Der Europameister startete als großer Favorit in diese WM. Doch vor der Neuauflage des EM-Finals von 2008 gegen Deutschland ist Spanien längst nicht mehr so unwiderstehlich

Die Zeiten haben sich geändert. Viele Jahre schlug sich die spanische Nationalelf bei Weltmeisterschaften mit dem Image des ewigen Geheimfavoriten herum. Hochklassiger Ligafußball, die beiden bedeutendsten Vereine der Erde im Land, glänzende Einzelspieler – aber wenn es drauf ankam, versagten der roten Furie die Nerven. Diesmal sollte alles anders werden: Spanien war als Top-Favorit zur WM gereist.
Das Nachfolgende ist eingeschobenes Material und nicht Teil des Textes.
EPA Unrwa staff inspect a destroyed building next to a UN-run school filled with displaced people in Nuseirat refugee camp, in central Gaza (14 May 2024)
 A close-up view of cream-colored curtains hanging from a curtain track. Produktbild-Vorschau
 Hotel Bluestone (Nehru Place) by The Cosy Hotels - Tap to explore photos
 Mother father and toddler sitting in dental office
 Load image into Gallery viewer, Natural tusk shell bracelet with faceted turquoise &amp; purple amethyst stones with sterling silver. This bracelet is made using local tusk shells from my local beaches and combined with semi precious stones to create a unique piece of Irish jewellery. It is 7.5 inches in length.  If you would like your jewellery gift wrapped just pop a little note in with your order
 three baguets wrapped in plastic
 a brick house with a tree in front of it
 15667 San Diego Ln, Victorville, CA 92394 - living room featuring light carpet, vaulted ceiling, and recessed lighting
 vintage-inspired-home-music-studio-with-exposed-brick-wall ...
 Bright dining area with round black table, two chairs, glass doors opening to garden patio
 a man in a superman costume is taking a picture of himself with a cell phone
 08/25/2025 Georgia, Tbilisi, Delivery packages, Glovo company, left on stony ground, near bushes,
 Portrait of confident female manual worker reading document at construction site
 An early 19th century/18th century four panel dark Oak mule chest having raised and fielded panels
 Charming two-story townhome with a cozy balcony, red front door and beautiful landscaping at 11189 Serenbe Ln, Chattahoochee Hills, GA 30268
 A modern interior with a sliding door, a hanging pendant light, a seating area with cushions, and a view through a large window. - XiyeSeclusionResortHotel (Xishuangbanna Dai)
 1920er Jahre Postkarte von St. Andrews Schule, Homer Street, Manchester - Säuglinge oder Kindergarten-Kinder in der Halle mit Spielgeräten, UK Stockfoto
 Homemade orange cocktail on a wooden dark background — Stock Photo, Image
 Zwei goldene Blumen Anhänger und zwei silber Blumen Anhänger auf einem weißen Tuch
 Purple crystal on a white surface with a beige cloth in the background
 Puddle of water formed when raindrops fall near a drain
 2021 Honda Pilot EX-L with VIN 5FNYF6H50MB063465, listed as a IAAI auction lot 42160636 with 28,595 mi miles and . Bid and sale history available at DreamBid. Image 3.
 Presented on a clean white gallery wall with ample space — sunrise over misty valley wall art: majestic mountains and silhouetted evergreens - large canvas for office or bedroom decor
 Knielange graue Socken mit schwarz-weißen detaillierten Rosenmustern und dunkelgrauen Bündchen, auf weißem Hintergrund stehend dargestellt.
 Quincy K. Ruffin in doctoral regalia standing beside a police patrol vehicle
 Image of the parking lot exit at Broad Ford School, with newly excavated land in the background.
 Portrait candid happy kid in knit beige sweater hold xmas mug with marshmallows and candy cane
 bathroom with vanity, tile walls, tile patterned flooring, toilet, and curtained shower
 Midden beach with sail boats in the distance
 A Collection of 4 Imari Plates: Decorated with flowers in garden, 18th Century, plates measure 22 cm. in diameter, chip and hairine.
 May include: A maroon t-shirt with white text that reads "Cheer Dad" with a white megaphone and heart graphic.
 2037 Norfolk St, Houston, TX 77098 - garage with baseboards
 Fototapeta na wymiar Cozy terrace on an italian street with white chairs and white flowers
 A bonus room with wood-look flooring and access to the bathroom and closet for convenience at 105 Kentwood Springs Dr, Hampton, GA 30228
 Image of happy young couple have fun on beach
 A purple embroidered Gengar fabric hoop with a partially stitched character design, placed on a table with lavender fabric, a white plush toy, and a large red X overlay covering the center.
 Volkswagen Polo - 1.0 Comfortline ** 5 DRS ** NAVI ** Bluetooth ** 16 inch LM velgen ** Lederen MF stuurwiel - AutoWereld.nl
Nach dem souveränen Triumph bei der Europameisterschaft 2008 hatte Vicente del Bosque von seinem Vorgänger Luis Aragones ein eingespieltes Team übernommen. Ähnlich wie Helmut Schön, der die goldene Generation deutscher Spieler nach der EM 1972 zwei Jahre später lediglich zum WM-Titel moderieren musste, sollte del Bosques Feinjustierung ausreichen, um auch Weltmeister zu werden. Ein Kader aus Spielern, die fast ausnahmslos im Zenit ihres Schaffens stehen. Zwei atemberaubende Blöcke – acht von elf Spielern aus der Startaufstellung beim 1:0-Viertelfinalsieg gegen Paraguay spielten in der vergangenen Saison bei Real Madrid oder dem FC Barcelona. Mehr Erfahrung auf der großen Fußballbühne bringt kein Team bei dieser WM zusammen. La Seleccion hat den One-Touch-Fußball mit der Muttermilch aufgesogen. Im EM-Finale 2008 bekam auch die Mannschaft von Joachim Löw eine Lehrstunde in Sachen Perfektion – und unterlag Spanien ohne den Hauch einer Chance.

Doch die Spanier tun sich in Südafrika schwer mit der Rolle des Top-Favoriten. Die Niederlage gegen die Schweiz wirkte noch wie ein Kurzschluss, ein technischer Defekt in einem ansonsten fehlerfrei funktionierenden Kreislauf. Das restliche Vorrundenprogramm spielte das Team dann solide, aber glanzlos herunter. Die K.o.-Runde nun lässt Zweifel daran aufkommen, dass Spanien wirklich als ein Weltmeister taugt, der diesen Titel auch verdient. Das Unwiderstehliche der EM 2008 sucht der Betrachter vergebens. Mit einer aus Spielkontrolle und Kombinationssicherheit resultierenden Dominanz frisst sich die spanische Offensive wie Korrosion durch Abwehrreihen. Aber die Torerfolge sind selten, lediglich auf die Kaltschnäuzigkeit von David Villa war bislang immer Verlass. Fernando Torres ist weit entfernt von seiner Form vor zwei Jahren und wird beinahe in jedem Spiel ausgewechselt.

Del Bosques Vorgänger Luis Aragones wetterte deshalb: „Der Mannschaft fehlt die Siegermentalität.“ Eine Äußerung, die der Nationalcoach, der das Team das erste Mal seit 60 Jahren wieder in das Semifinale einer WM führte, kommentarlos an sich abprallen ließ. Treffender war die Bemerkung von Diego Maradona, der die mangelnde Attraktivität in Spaniens Spiel wie folgt erklärte: „Würden die Tore auf den Außenlinien stehen, gewänne Spanien jedes Spiel mit 14:0.“ Will sagen: Alles super – bis es darum geht, zum Abschluss zu kommen.

Und darin liegt vor dem Spiel gegen Deutschland am Mittwoch die Krux. Wenn es der DFB-Elf gelingt, ihr fintenreiches Spiel im engmaschigen Netz der spanischen Reihen aufzuziehen, wäre es zumindest ein Teilerfolg. Wichtig wäre dann noch, den Aktionsradius von Kreativzentrum Andres Iniesta einzuschränken und schließlich noch David Villa an die Kette zu legen. Dann – und nur dann – wäre der Einzug ins Finale möglich.

Sollte Spanien ein frühes Tor erzielen, besteht nur noch theoretisch Aussicht auf Erfolg. Dann wird die rote Spießerin das Ergebnis mit ähnlicher Perfektion verwalten wie im EM-Finale 2008. Pokerface del Bosque sagte nach dem Sieg über Paraguay: „Wir haben unser Potenzial noch nicht ganz abgerufen.“ Sollte sein Team noch beweisen wollen, dass es zu Recht als Favorit gehandelt wird – jetzt wäre der Zeitpunkt dafür gekommen.